# Advice needed on current fencing that has barbed wire



## adams86 (Jul 29, 2018)

Hi,

I am getting my two ND whether babies in the spring and Have built my barn and will have a secure pen area in front of the barn. Next to this I have around and acre and a half of hilly type area that I would like to be able to have the goats roam around in during the day when I let them out there. The previous owner has this whole area surrounded by t-post fencing that consists of 3 foot high wire mesh along the bottom and then 4 strands of barbed wire along the top. There are areas were the barbed wire has failed and the deer can jump over.

Question- If I repair the barbed wire everywhere, would this be ok for the goats or will they hurt themselves on this setup? (see attached pic)





  








fencing




__
adams86


__
Dec 10, 2018








If not, what do you all suggest? It seems like a very difficult and time intensive task to take down all the barbed wire and replace it with proper fencing along the top. I am thinking maybe I should just put up all new t-posts in a smaller area within this and put 4-5 foot wire mesh fending around it. This way I have two layers of protection in case they get out?
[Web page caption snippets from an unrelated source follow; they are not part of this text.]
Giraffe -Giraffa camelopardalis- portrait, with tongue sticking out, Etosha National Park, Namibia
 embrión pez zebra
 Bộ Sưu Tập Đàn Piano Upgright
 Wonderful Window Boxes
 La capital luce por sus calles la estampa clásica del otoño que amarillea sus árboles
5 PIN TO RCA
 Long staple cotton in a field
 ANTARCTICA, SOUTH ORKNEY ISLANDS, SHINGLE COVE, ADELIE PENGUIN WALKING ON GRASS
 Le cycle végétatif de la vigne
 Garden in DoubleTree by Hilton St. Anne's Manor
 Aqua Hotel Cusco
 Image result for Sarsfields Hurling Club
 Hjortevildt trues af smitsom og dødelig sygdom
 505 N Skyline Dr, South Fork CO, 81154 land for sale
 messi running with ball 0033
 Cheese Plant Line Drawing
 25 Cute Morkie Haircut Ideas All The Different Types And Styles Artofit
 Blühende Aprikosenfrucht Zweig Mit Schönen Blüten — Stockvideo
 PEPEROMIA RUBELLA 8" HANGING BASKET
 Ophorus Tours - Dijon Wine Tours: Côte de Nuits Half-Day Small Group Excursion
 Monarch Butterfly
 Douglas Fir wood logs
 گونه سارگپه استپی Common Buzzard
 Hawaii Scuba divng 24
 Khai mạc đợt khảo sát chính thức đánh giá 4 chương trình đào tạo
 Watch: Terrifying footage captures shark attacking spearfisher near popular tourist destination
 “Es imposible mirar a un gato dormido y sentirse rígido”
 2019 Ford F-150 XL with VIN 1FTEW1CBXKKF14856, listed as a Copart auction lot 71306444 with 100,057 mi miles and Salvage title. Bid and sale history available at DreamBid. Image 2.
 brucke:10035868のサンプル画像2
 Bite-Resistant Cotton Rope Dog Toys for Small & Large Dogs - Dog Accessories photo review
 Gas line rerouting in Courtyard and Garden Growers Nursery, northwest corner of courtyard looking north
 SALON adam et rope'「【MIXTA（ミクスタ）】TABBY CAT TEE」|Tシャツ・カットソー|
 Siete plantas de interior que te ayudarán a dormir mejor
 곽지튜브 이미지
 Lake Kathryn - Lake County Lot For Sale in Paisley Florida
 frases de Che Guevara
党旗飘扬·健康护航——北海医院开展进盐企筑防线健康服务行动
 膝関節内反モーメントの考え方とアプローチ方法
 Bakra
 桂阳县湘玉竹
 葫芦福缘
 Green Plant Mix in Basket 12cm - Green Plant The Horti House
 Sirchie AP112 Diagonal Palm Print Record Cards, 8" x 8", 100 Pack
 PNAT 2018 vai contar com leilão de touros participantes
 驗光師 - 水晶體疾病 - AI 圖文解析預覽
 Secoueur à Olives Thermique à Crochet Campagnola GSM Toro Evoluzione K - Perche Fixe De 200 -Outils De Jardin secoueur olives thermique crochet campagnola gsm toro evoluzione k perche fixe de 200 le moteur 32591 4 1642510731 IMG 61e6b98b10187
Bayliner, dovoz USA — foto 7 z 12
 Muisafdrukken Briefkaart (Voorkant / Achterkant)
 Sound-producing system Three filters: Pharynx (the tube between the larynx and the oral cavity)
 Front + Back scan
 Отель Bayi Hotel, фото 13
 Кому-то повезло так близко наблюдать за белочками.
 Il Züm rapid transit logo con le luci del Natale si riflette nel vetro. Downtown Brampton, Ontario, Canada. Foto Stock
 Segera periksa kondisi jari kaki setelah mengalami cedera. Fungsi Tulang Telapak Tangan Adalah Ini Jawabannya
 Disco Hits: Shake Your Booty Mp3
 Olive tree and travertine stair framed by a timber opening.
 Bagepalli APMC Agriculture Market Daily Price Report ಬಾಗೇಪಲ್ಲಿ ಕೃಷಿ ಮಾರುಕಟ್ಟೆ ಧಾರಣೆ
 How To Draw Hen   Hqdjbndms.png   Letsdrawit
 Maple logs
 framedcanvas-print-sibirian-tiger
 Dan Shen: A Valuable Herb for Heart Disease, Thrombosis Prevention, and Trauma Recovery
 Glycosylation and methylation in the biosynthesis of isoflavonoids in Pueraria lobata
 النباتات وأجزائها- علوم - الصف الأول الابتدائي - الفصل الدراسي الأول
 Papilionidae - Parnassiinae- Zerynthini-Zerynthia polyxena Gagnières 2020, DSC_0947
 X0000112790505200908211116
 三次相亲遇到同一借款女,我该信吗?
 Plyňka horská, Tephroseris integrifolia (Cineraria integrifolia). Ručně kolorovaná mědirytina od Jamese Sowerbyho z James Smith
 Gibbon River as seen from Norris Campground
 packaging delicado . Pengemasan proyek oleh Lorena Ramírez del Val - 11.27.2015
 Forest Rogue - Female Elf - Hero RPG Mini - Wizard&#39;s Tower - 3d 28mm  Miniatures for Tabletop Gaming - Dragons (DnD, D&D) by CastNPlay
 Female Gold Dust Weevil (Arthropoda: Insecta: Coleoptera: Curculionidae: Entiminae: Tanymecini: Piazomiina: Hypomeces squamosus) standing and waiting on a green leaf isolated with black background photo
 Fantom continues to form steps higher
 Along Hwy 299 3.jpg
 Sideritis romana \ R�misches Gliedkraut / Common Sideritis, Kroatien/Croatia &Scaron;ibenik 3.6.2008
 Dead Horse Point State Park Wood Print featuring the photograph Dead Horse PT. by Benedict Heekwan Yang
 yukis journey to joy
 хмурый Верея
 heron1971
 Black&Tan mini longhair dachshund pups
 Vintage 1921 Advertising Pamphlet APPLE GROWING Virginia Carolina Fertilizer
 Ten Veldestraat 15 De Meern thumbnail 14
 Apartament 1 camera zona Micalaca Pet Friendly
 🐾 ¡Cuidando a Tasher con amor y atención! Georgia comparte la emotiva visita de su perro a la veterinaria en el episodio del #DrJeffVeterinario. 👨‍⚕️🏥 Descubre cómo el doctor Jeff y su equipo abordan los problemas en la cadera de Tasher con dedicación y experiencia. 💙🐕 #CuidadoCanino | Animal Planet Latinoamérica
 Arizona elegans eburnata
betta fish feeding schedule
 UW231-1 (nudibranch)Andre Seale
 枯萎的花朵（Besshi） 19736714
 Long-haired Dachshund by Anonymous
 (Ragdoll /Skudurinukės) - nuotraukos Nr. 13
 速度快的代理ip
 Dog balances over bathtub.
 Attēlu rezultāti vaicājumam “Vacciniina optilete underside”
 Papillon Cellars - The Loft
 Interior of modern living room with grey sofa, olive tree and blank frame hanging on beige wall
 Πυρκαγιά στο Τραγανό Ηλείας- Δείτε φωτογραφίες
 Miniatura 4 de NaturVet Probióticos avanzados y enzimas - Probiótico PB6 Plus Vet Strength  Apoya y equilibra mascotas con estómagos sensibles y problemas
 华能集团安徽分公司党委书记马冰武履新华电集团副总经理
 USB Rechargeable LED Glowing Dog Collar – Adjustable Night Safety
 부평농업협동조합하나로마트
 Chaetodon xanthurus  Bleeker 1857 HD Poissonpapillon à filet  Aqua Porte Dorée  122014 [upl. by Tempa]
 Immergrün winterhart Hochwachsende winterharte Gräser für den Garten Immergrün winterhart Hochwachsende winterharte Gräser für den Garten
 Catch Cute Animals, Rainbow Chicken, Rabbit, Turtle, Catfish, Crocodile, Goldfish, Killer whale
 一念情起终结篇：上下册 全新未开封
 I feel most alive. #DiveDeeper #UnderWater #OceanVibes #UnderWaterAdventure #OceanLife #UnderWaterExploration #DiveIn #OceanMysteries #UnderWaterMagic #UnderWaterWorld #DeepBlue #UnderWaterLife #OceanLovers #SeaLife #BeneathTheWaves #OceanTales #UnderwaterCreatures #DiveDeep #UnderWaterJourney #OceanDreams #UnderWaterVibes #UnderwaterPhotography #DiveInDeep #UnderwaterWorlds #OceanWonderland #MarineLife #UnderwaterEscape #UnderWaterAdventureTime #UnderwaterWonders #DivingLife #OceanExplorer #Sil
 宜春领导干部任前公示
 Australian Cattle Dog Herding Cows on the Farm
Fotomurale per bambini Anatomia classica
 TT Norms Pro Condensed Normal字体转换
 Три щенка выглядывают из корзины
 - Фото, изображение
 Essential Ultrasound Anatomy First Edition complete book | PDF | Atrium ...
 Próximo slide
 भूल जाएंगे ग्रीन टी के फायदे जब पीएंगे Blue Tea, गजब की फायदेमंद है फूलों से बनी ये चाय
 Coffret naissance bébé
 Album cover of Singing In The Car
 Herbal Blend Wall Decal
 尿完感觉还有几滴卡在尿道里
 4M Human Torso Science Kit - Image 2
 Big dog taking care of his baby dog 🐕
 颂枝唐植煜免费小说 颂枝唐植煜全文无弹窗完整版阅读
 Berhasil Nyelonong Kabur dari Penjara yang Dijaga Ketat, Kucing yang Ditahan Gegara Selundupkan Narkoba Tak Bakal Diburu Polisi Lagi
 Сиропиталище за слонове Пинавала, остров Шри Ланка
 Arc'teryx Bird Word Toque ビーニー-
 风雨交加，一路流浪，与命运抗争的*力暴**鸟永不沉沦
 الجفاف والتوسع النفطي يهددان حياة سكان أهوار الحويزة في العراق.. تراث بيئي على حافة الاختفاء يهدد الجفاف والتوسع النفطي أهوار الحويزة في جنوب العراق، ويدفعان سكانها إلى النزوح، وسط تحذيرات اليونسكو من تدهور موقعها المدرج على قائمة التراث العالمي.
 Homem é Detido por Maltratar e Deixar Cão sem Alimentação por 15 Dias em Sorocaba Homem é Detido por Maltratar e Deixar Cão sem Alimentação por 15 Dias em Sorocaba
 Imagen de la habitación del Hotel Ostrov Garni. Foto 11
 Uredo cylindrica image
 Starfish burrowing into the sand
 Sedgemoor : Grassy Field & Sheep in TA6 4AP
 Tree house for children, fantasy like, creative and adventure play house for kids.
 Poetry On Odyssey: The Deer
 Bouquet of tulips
Any thoughts and suggestions welcome!

Don


----------



## SalteyLove (Jun 18, 2011)

It depends on the goats but I would assume that they will be very busy browsing the 1 acre pasture and won't be testing the fence line. It wouldn't be a good option for their smaller pen attached to their shelter but for the large pasture I would give it a try and see how they do before investing in an improvement!


----------



## Jessica84 (Oct 27, 2011)

The picture isn’t showing up for me so I’m going off what I’m picturing in my mind lol
They shouldn’t hurt themselves. All my fences around here are barbwire for the cows and when I let the goats out they go right threw them, which is fine they just go to another section of the ranch, and no one has been hurt except for a doe with a terrible low hanging udder. What I would be worried about more, depending on what is on the other side of the fence (if it’s just open and they can’t eat the neighbors rose bushes) is dogs or other animals. Personally what I would do is fix the barbwire. I’m not sure how many wires you have going on but make sure they are fairly close together and buy a hot fence unit. That has been the best investment yet! It not only has kept goats in, but it once kept stray dogs out.


----------



## Dwarf Dad (Aug 27, 2017)

I would do as @Jessica84 suggested with the electric fence. A low line to keep the small goats away from the 4 x 4 fencing, so they won't get through it or stuck in it.
A high line to stop jumping over from them or predators.


----------



## MadCatX (Jan 16, 2018)

I agree with Dwarf and Jessica, my Nigi Hybrid makes short work of 40 inch fences, the only thing that stopped him was the hot wire. Im skeptical of the barb wire, but I think it would deter them for sure.


----------